Selon l'agence de presse officielle libanaise (ANI), la frappe a touché un véhicule, tuant son conducteur, et un garçon a été blessé lorsque la voiture de sa famille est passée au moment du raid.

De son côté, l'armée israélienne a indiqué avoir ciblé un membre du Hezbollah près d'Abba, "en réponse aux violations répétées des accords de cessez-le-feu par le Hezbollah".

Plus tôt dimanche, le ministère libanais de la Santé avait fait état d'une frappe dans la région de Saïda, loin de la frontière israélienne, qui a blessé une personne.

D'après l'ANI, elle visait un bulldozer "alors qu'il s'efforçait de déblayer les décombres" du site d'une précédente frappe israélienne.

L'armée israélienne a, elle, dit avoir visé "plusieurs véhicules d'ingénierie du Hezbollah" utilisés "pour rétablir des sites d'infrastructure terroriste dans la région", précisant toutefois qu'ils se trouvaient dans une autre zone du sud du Liban que celle mentionnée par le ministère.

Toujours dimanche, l'ANI a indiqué que l'armée israélienne avait largué des tracts visant à intimider les habitants de Bint Jbeil, dans le sud du Liban, près de la frontière. Elle a publié une photographie de l'un de ces tracts, qui comportait un avertissement aux habitants selon lequel des membres du Hezbollah utilisaient un hôpital de la ville.

Dans un communiqué, le ministère de la Santé a condamné "avec la plus grande fermeté les menaces contre les hôpitaux du sud, et les considère comme une attaque grave et une violation flagrante des lois et conventions internationales".

L'hôpital Salah Ghandour de Bint Jbeil, géré par le Comité islamique de santé affilié au Hezbollah, a indiqué dans un communiqué que les tracts contenaient "une menace claire contre l'hôpital, fondée sur des prétextes fallacieux dépourvus de tout fondement", et a rejeté ce qu'il a décrit comme des tentatives de ternir l’image de l’établissement.

L'enceinte de l'hôpital Salah Ghandour et ses abords ont été frappés en 2024 lors des hostilités avec le Hezbollah.

Sous forte pression américaine et par crainte d'une intensification des frappes israéliennes, le Liban s'était engagé, comme prévu par l'accord de cessez-le-feu, à désarmer le Hezbollah et à démanteler d'ici la fin de l'année 2025 ses structures militaires entre la frontière israélienne et le fleuve Litani, à une trentaine de kilomètres plus au nord.
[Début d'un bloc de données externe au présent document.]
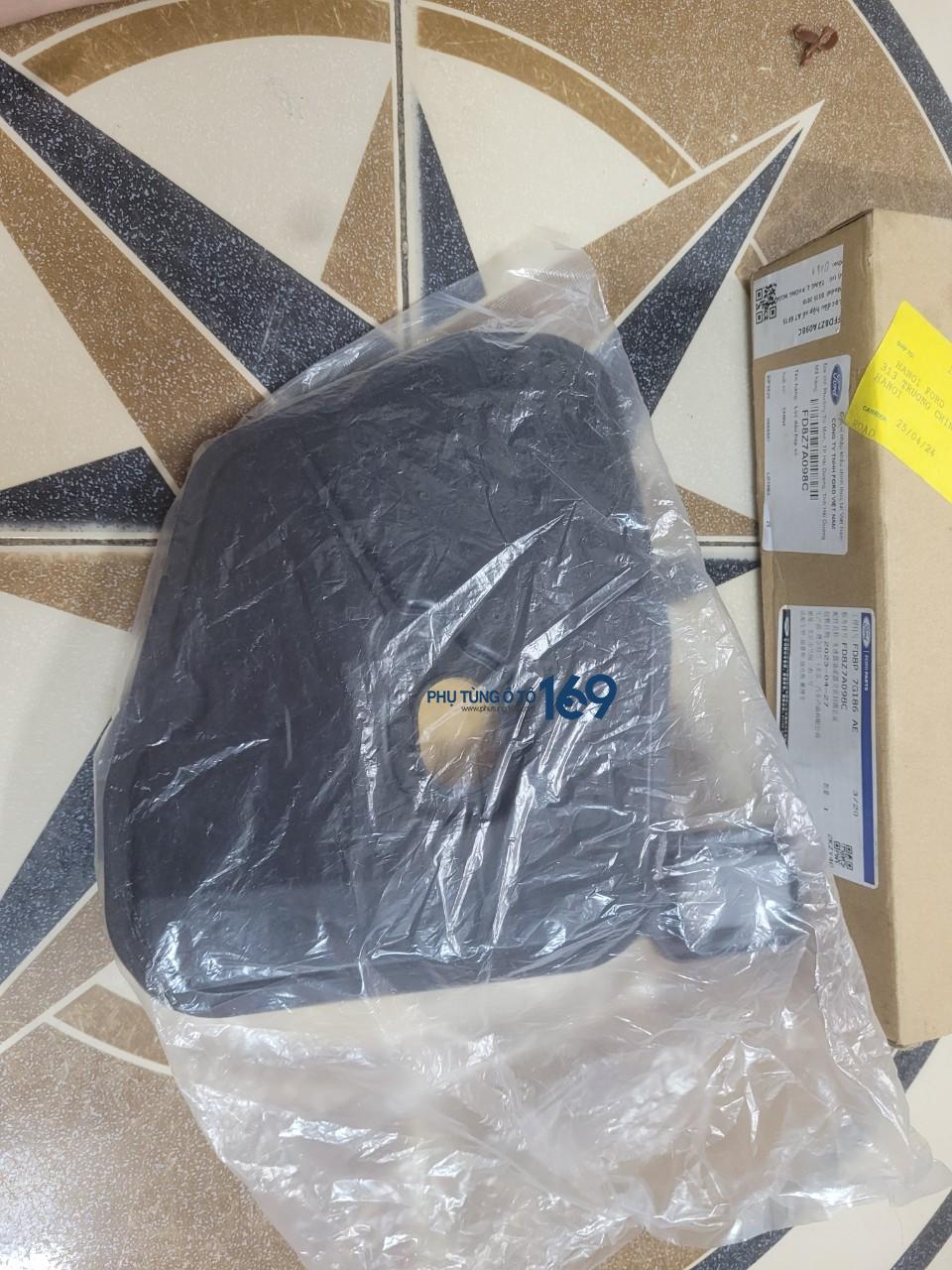 Lọc dầu hộp số Ecosporta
Israël a mis en doute l'efficacité de l'armée libanaise dans ce processus et accusé le Hezbollah de se réarmer, tandis que le mouvement chiite a rejeté les appels à abandonner ses armes.

Plus de 360 personnes ont été tuées par des tirs israéliens au Liban depuis le cessez-le-feu, selon un bilan de l'AFP basé sur les statistiques du ministère libanais de la Santé.